There's a piece of code at the end of unregister_netdevice()
which waits for up to ten seconds waiting for the device to
become un-busy. If the timeout is expired it prints the
"Wait for crash" message and returns.
The problem is, orphan ipv4 fragments have a reference to
the device and they have an arbitrarily long in-kernel
lifetime. Default is 30 seconds.
So if you send an orphan fragment to your linux box and
then do an ifdown/rmmod, you'll get the "Wait for crash"
message. Then, typically, the net_device is kfree'ed
and the driver module is unloaded. Then, at some time
in the future, the fragments start expiring. This causes
atomic_decs of dev->refcnt (it has been kfree'ed) and,
possibly, a call to dev->destructor (its text has been
unmapped). The kernel will crash.
I see several ways to fix this:
1: Make unregister_netdevice hunt down all the skbuffs associated
with this device and release them. Sounds hard.

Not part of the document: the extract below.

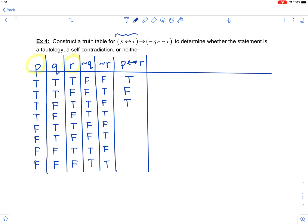Continuing the biconditional column: the fifth row they do not match, the sixth they match giving true, the seventh they do not match, and the eighth they match — giving true. Biconditionals are true when the truth values match.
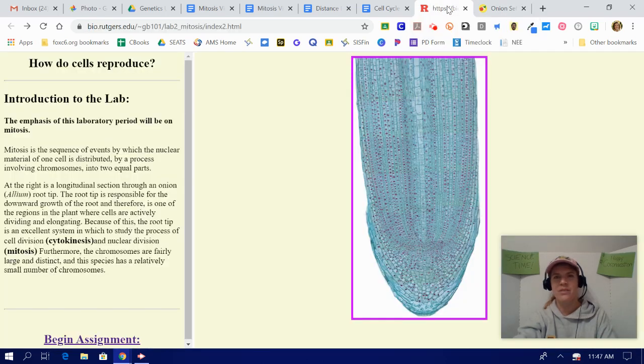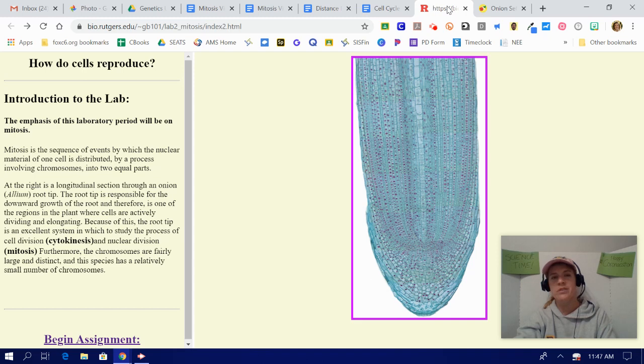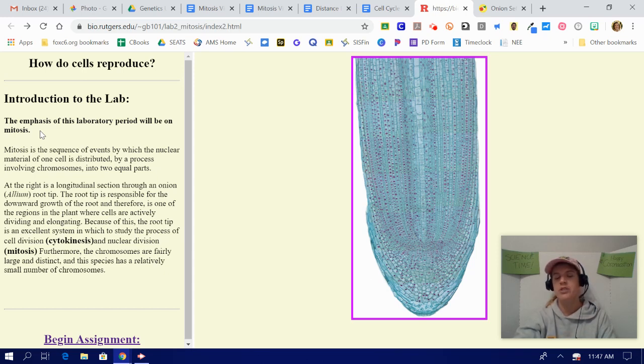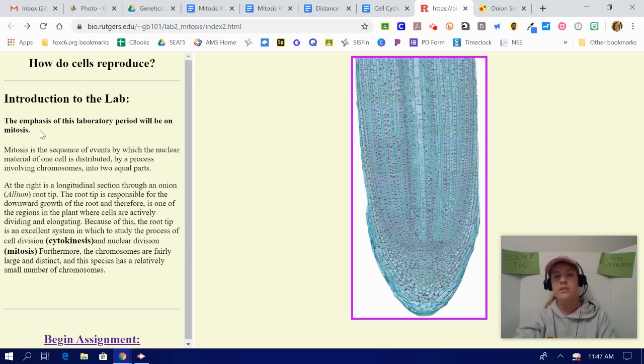Now that we got that out of the way, for those introductory questions over here to the left side of the screen where it says introduction to the lab, that is exactly where you are going to go ahead and write down and put the information and answer the questions about what is it that we're looking at. And I already helped give you some of those answers. When you're ready to start, you're going to scroll down to where it says begin assignment.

2: Make the 10 second delay equal to the max of sysctl_ipfrag_time,
sysctl_ip6frag_time, and who knows what else. This isn't
attractive because it'll require us to be able to predict
the future lifetime of all skbuffs for all protocols.
3: Make unregister_netdevice return -EAGAIN, so the caller
(usually /sbin/rmmod) can make a policy decision what to do.
Long term, this is the correct architecture.
The problem with this is that the net drivers will then
need to be taught that unregister_netdevice can fail.
They will ALL need changing.
It's not a big change, but frankly, if we're going to
churn each and every driver then we may as well get
it right. And at present the Linux netdevice lifecycle is
far from right. The lack or userland access to
[un]register_netdevice and the unhealthy linkage
between sys_ins/del_module and [un]register_netdevice
is the source of a lot of bugs, races and general
bogosity. We need `ifconfig plumb' and `ifconfig
unplumb', like Solaris. I'll write a rant about this
sometime, but I suggest it's 2.5-food.
4: Make unregister_netdevice() wait until the device is
free, as Alexey suggested in his comment.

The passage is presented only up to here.